I also strongly disagree with human labor not being ‘shleppy to train’ (bonus points, however, for excellent use of ‘shleppy’). I have trained humans and been a human being trained, and it is totally shleppy. I agree, not as schleppy as current AIs can be when something is out of their wheelhouse, but rather obnoxiously schleppy everywhere except their own very narrow wheelhouse.
Here’s another example of ‘oh my lord check out those goalposts’:
Dwarkesh Patel: It revealed a key crux between me and the people who expect transformative economic impacts in the next few years.
Transformative economic impacts in the next few years would be a hell of a thing.
It’s not net-productive to build a custom training pipeline to identify what macrophages look like given the way this particular lab prepares slides, then another for the next lab-specific micro-task, and so on. What you actually need is an AI that can learn from semantic feedback on the job and immediately generalize, the way a human does.
Well, no, it probably isn’t now, but also Claude Code is getting rather excellent at creating training pipelines, and the whole thing is rather standard in that sense, so I’m not convinced we are that far away from doing exactly that. This is an example of how sufficient ‘AI R&D’ automation, even on a small non-recursive scale, can transform use cases.
Every day, you have to do a hundred things that require judgment, situational awareness, and skills & context learned on the job. These tasks differ not just across different people, but from one day to the next even for the same person. It is not possible to automate even a single job by just baking in some predefined set of skills, let alone all the jobs.
Well, I mean of course it is, for a sufficiently broad set of skills at a sufficiently high level, especially if this includes meta-skills and you can access additional context. Why wouldn’t it be? It certainly can quickly automate large portions of many jobs, and yes I have started to automate portions of my job indirectly (as in Claude writes me the mostly non-AI tools to do it, and adjusts them every time they do something wrong).
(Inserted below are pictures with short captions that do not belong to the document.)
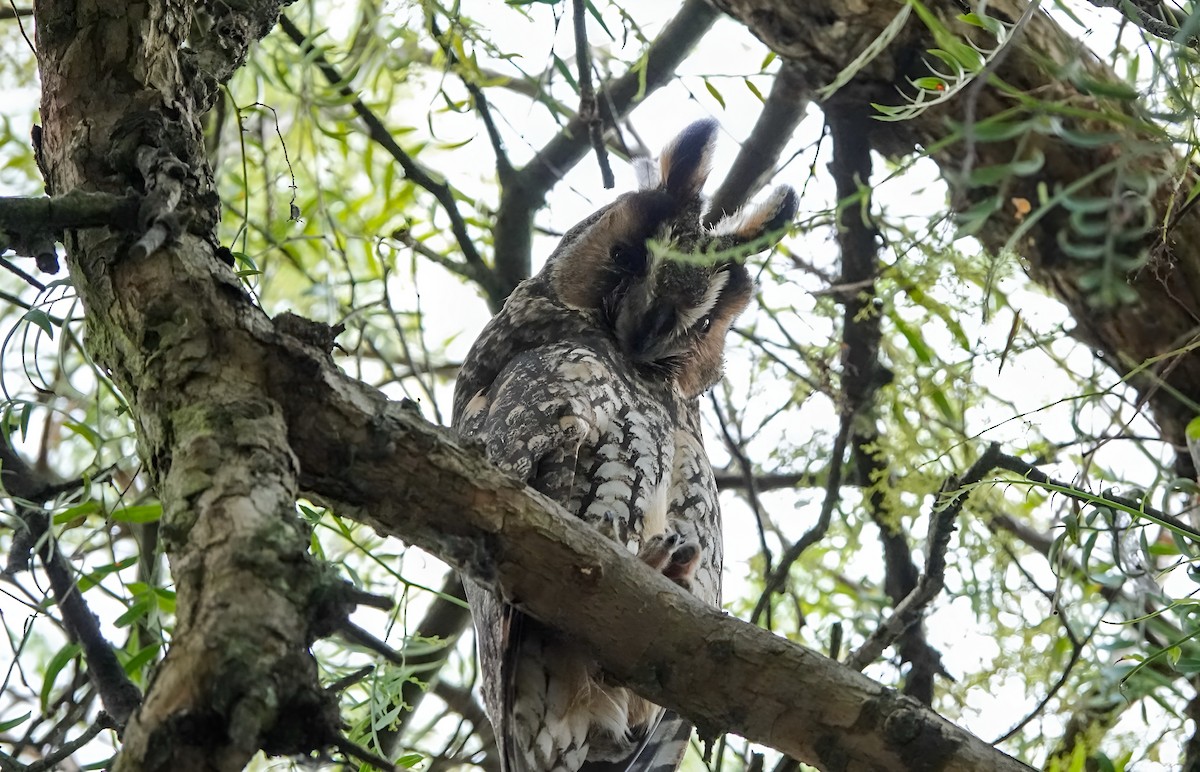 Ушастая сова - ML643974328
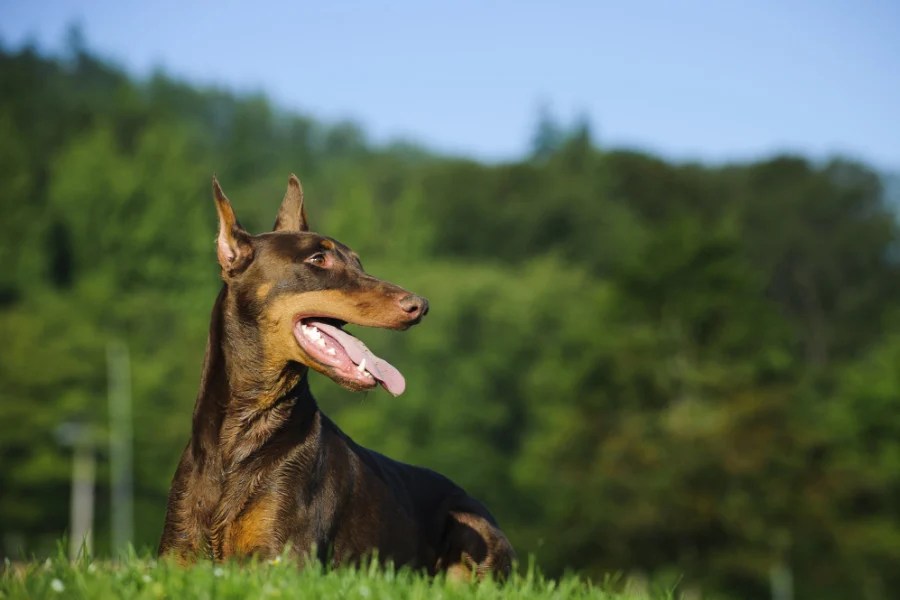 10 Doberman Cross Breeds • helloBARK!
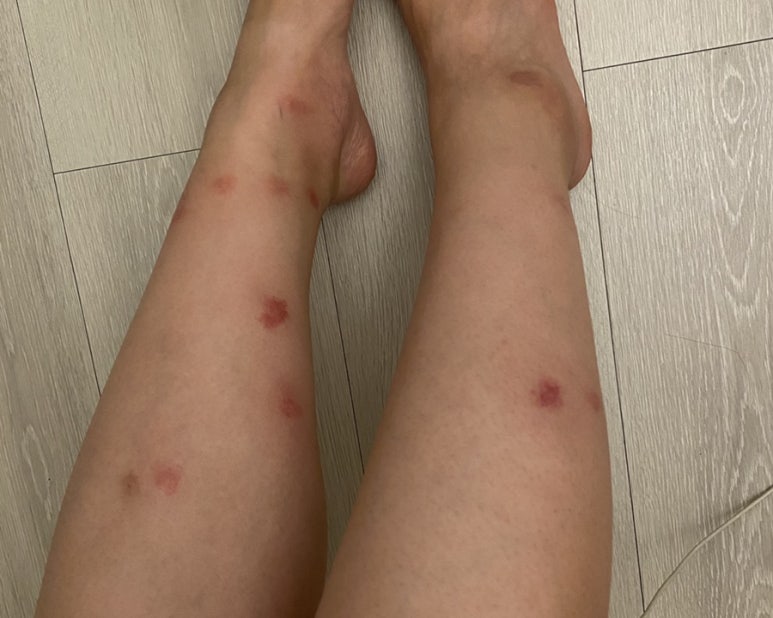 더신더 이미지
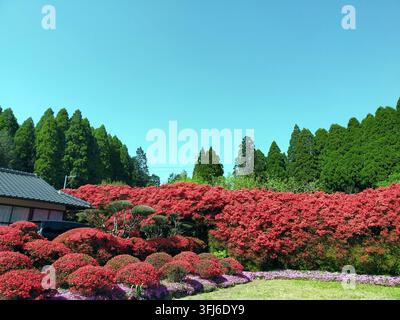 Un magnifique jardin de style japonais débordant d'azalées rouges éclatantes en pleine floraison, complété par des fleurs violettes et de grands cyprès sous un ciel clair Banque D'Images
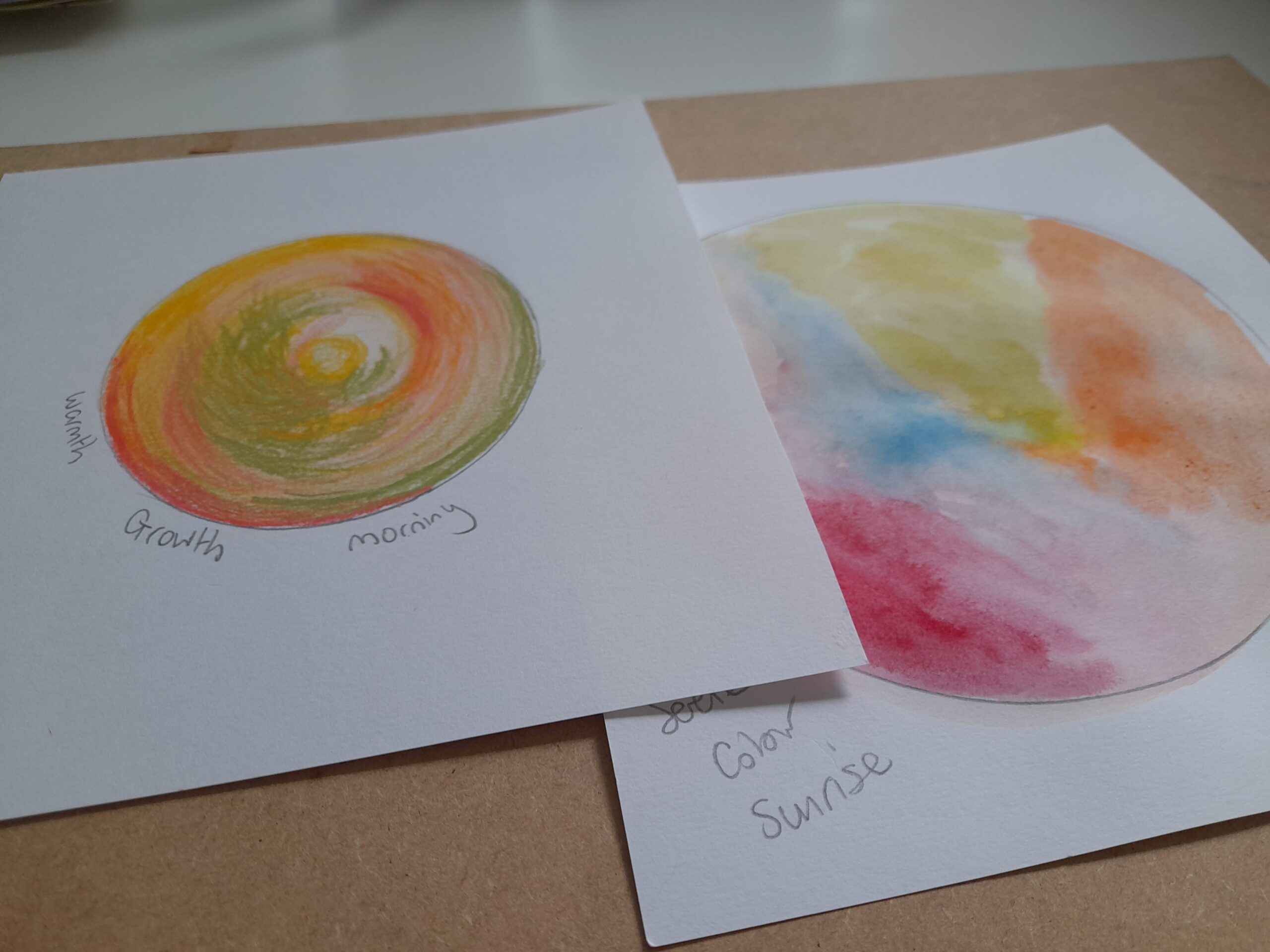 An image of two hand-drawn circles with many colours shaded inside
Give it a few more years, though, and Dwarkesh is on the same page as I am:
In fact, I think people are really underestimating how big a deal actual AGI will be because they’re just imagining more of this current regime. They’re not thinking about billions of human-like intelligences on a server which can copy and merge all their learnings. And to be clear, I expect this (aka actual AGI) in the next decade or two. That’s fucking crazy!
Exactly. This ‘actual AGI’ is fucking crazy, and his timeline for getting there of 10-20 years is also fucking crazy. More people need to add ‘and that’s fucking crazy’ at the end of such statements.
Dwarkesh then talks more about continual learning. His position here hasn’t changed, and neither has my reaction that this isn’t needed, we can get the benefits other ways. He says that the gradual progress on continual learning means it won’t be ‘game set match’ to the first mover, but if this is the final piece of the puzzle then why wouldn’t it be?